DESCRIPTION OF THE TASK: Images do not belong in the copy. Set down all the entries exactly.

MATERIAL TO PROCESS:
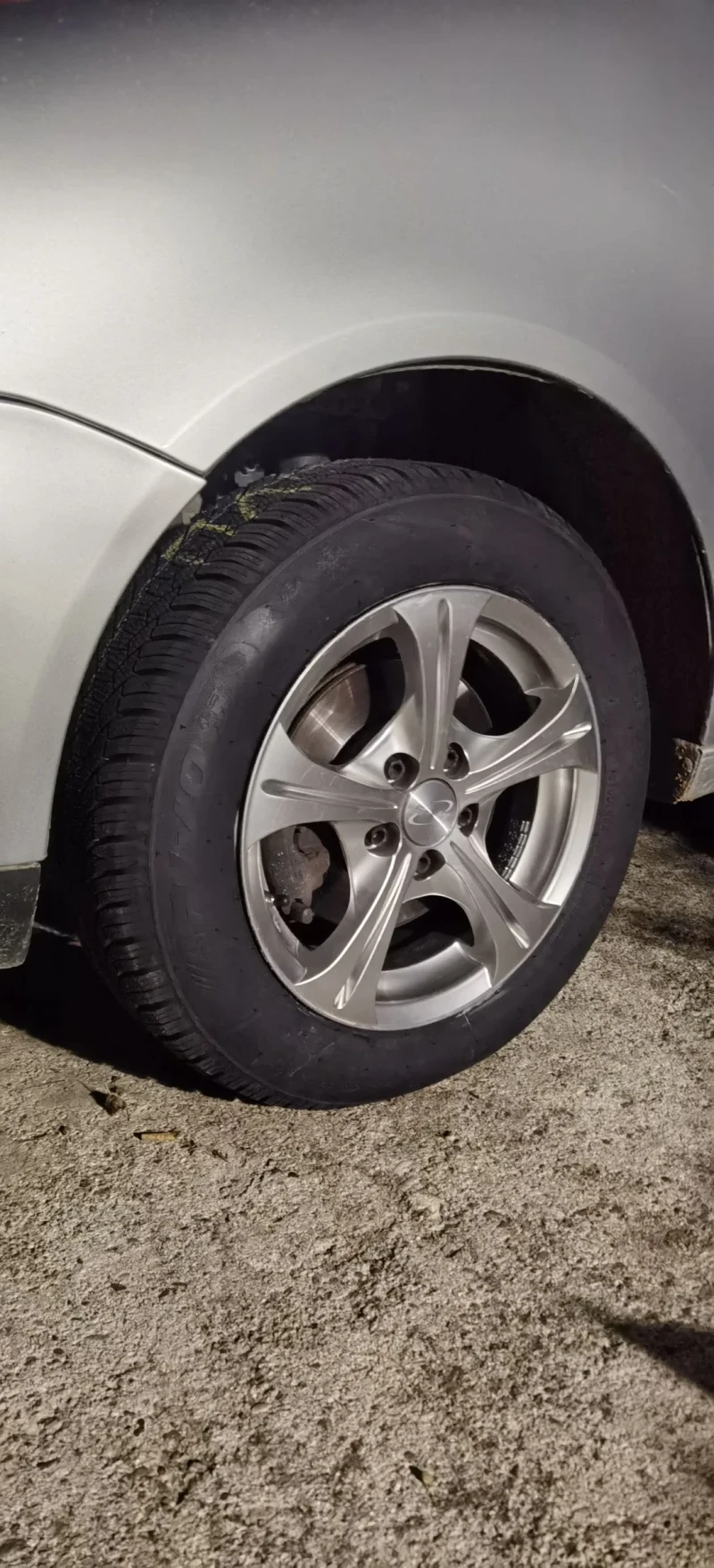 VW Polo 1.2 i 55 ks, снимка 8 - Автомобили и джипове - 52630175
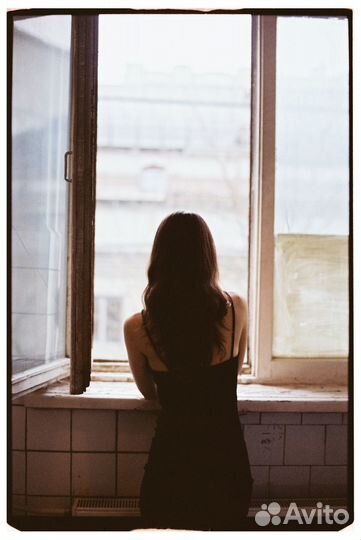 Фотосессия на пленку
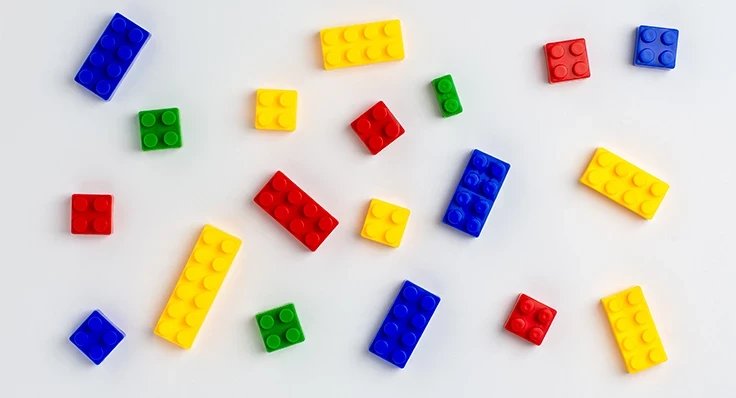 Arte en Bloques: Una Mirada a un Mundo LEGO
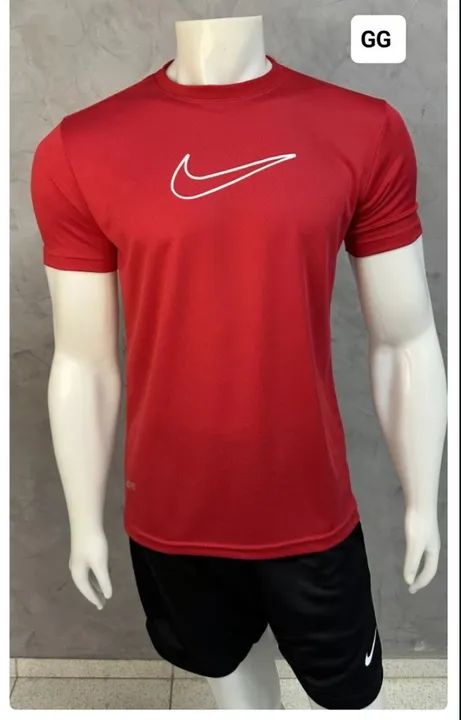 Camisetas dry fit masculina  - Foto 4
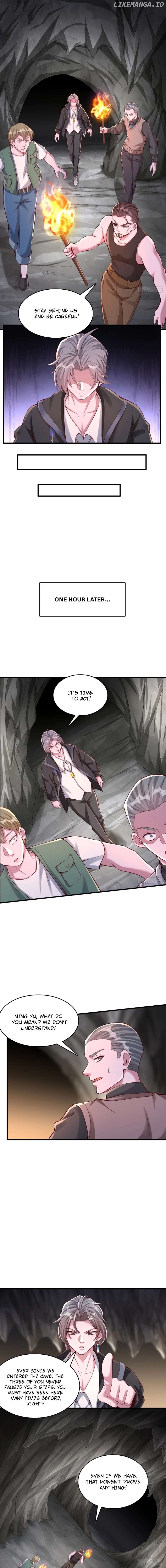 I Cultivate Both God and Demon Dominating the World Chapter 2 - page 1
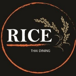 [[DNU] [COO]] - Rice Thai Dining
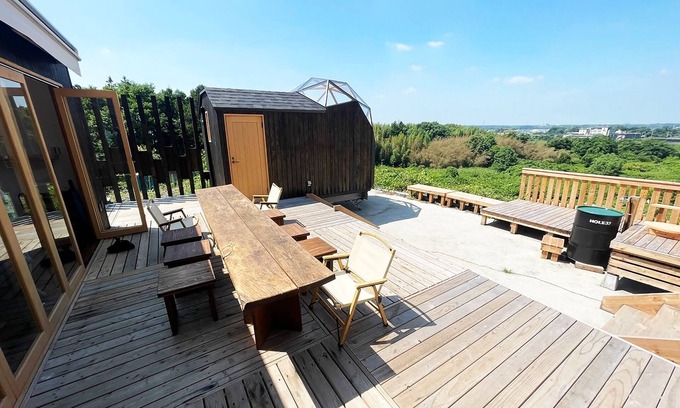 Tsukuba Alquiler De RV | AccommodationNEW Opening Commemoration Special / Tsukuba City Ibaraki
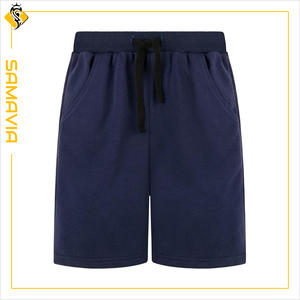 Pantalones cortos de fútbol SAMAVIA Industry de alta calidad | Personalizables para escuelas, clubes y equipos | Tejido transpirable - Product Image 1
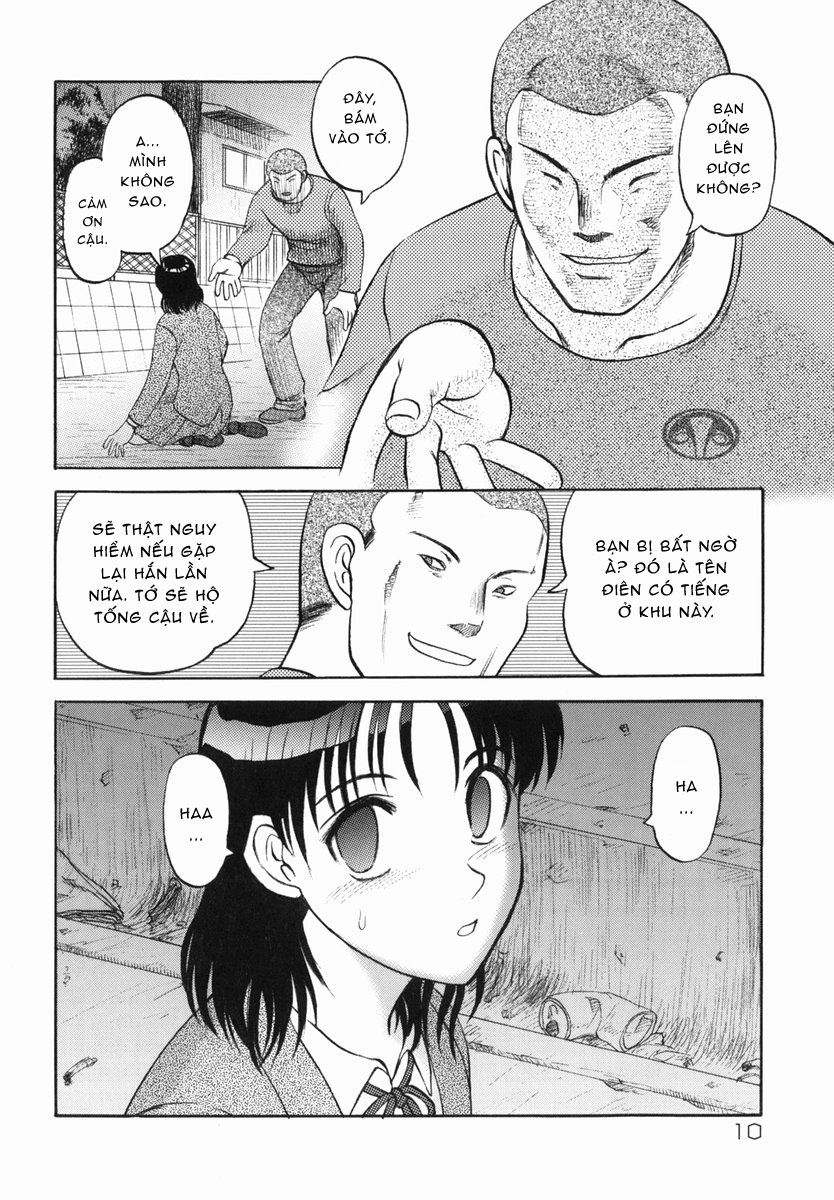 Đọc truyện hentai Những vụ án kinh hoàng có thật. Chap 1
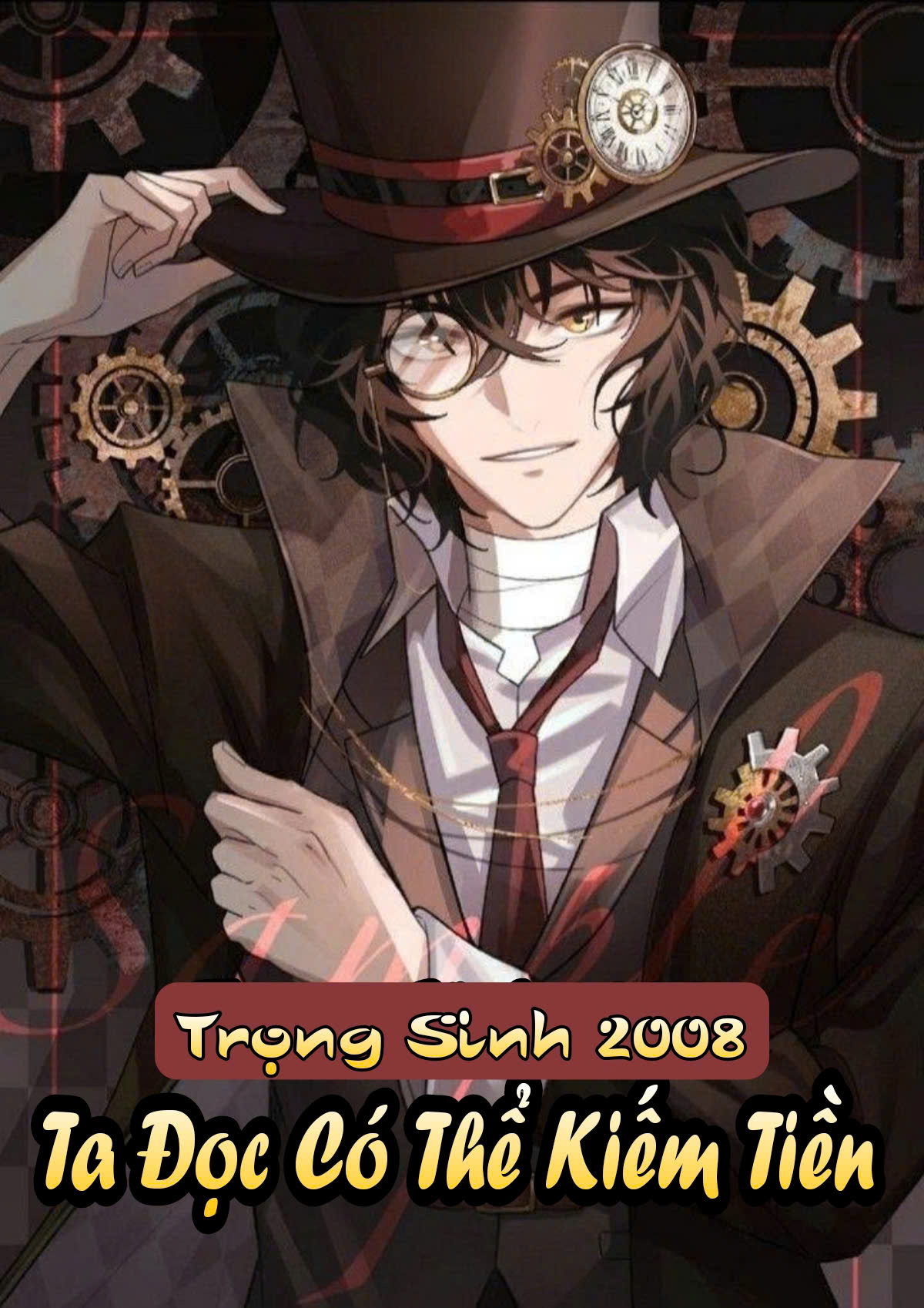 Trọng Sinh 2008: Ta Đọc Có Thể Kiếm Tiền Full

WRITTEN ANSWER:
 VW Polo 1.2 i 55 ks, снимка 8 - Автомобили и джипове - 52630175
 Фотосессия на пленку
 Arte en Bloques: Una Mirada a un Mundo LEGO
 Camisetas dry fit masculina  - Foto 4
 I Cultivate Both God and Demon Dominating the World Chapter 2 - page 1
 [[DNU] [COO]] - Rice Thai Dining
 Tsukuba Alquiler De RV | AccommodationNEW Opening Commemoration Special / Tsukuba City Ibaraki
 Pantalones cortos de fútbol SAMAVIA Industry de alta calidad | Personalizables para escuelas, clubes y equipos | Tejido transpirable - Product Image 1
 Đọc truyện hentai Những vụ án kinh hoàng có thật. Chap 1
 Trọng Sinh 2008: Ta Đọc Có Thể Kiếm Tiền Full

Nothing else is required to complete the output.